As for the comment around alcohol? Weed, pot, they all seem the same these days. Yeah, weed isn't nearly as socially accepted, but it will be one day.

September 28, 2011 11:40 AM #

D. Buss United States says:

Well,Trish, let's leave aside the endless argument over the merits and demerits of weed and other illegal substances. I think it's just another step down the slippery slope ... And even Kim Kardashian gets buzz (the other non-narcotic kind)!

September 28, 2011 02:22 PM #

Trish L Canada says:

...who the hell is Kim Kardashian?



Dale, you're alright, kid.

Just...try a pot brownie one day, it's a humbling experience.

September 28, 2011 11:24 AM #

Seb Canada says:

And here, we get a glimpse into the mating rituals of the elusive Trish-troll.  It is a rare and spectacular occasion that we get a front-row seat into this truly wonderful phenomena, but we must remember not to feed the trolls.  

September 28, 2011 11:36 AM #

Larry Burns United States says:

I seriously doubt General Mills is in any way surprised by reactions to the campaign and the ads.   Great work should spur discussion, interest and yes, even controversy.  Frankly, part of what is most troubling within our current culture (IMHO) is that we stifle expression based on often ill defined fear.   Fear of 'backlash', fear of some fringe group calling for a boycott , fear of what "some people" might think, fear of lobbying groups making you their cause celeb (with the attendant 'created' media frenzy), and the list (unfortunately) goes on and on.  

Honestly the only arbiter of what Fiber One wants to do with their brand and its relationship to the people who buy it are themselves.   If the campaign offends in any way - don't watch it - this is a DIGITAL campaign for good reason, to avoid any of the nonsense of "exposing" this or that group to 'objectionable' content.   All devices have an on/off switch - we'd all be a lot better off if we simply utilized it rather than raise voices in protest about something that is obviously meant to entertain as well as spur product trial and use.   Could the US population suffer in some way by an increased discussion about the need for greater fiber in our diets?   Hmmmm ...

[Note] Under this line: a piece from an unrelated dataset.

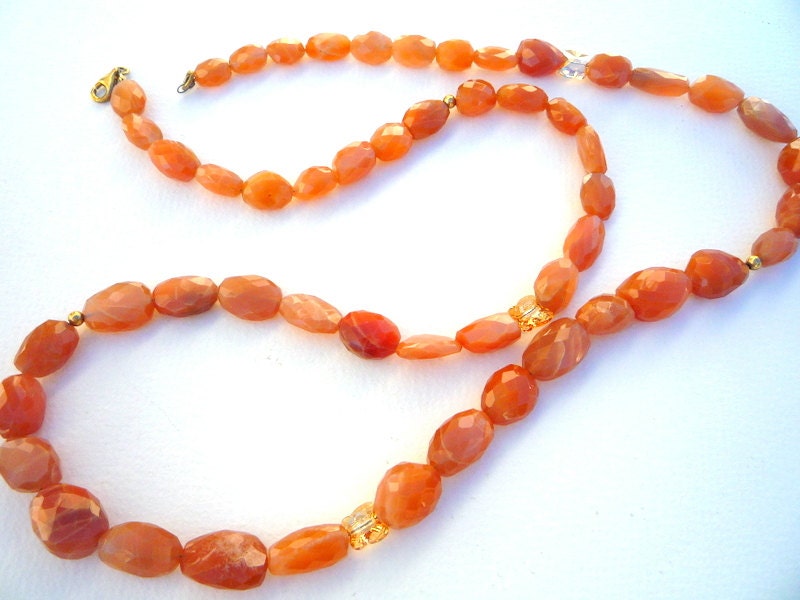 Peach Moonstone faceted nugget long necklace with golden Swarovski butterflies.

To me - I laughed out loud .. and I like and have bought the brownies.   I applaud General Mills for having the moxie to move this campaign forward in spite of the inevitable furor it may create.  

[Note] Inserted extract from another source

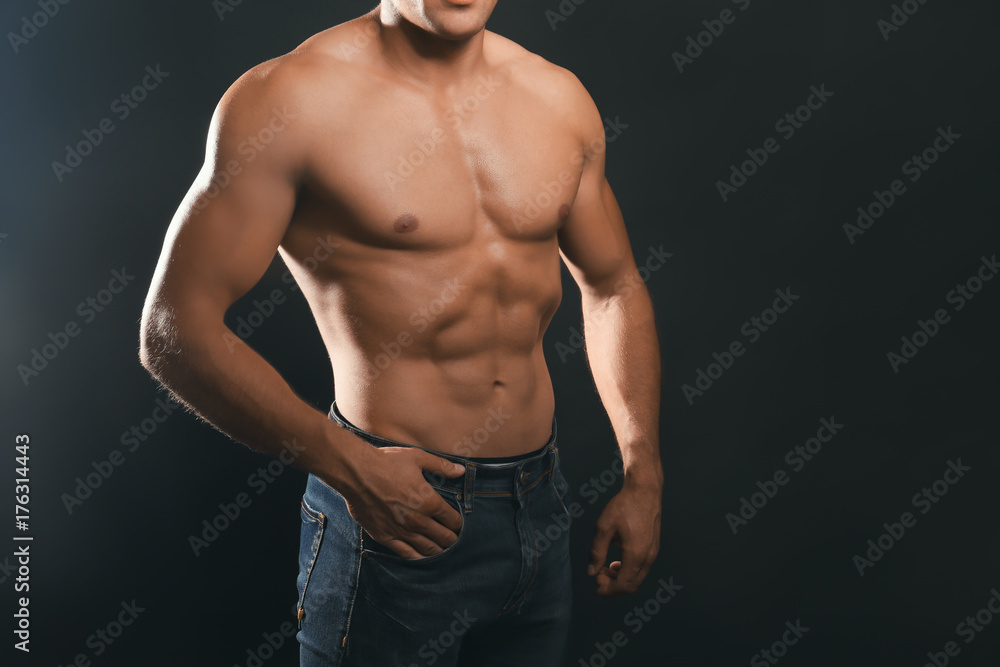 Muscular man on dark background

Let each person decide if he or she likes or dislikes the campaign, the product ,etc.   It certainly will raise awareness ... and isn't that kind of the point of advertising?

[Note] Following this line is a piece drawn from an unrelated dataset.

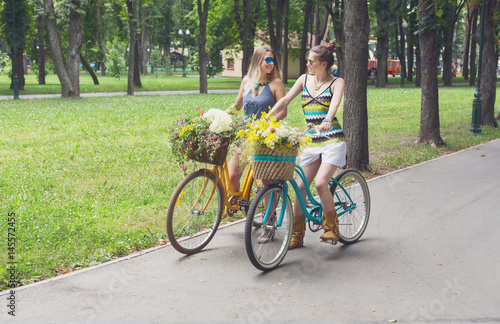 Happy boho chic girls ride together on bicycles in park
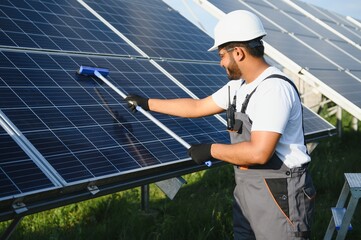 Indian handyman cleaning solar panels form dust and dirt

September 28, 2011 12:05 PM #

Christopher Barger United States says:

Dale, I couldn't disagree with you more. I thought this was a) funny, b) really well-executed, c) well-aimed at its target demographic, and d) not offensive or bothersome in the least. And I don't even like Cheech and Chong or drug humor. But I salute not only General Mills' creativity in developing the pitch, but their being willing to brave the inevitable barbs from the uptight, humorless or overly traditional.

I've never bought the brownies... now I might have to. Not because the ad campaign suddenly spurred me to, but because I want to show support, in the face of criticism, to a brand that showed some guts and went outside of the expected.

September 28, 2011 12:42 PM #

D. Buss United States says:

Chris: Hey, great to hear from you again!   Smile  So which do you think I am -- "uptight, humorless, or overly traditional"? -- or all three?

September 28, 2011 02:21 PM #

Dan T. United States says:

Frankly I am surprised that GM took the risk on this campaign.  But I am glad they did.

September 29, 2011 10:52 PM #

Lou United States says:

Credit to General Mills. Funny and relevant to target. No one is saying to smoke pot. Would u have banned those funny Chhech and Chong movies?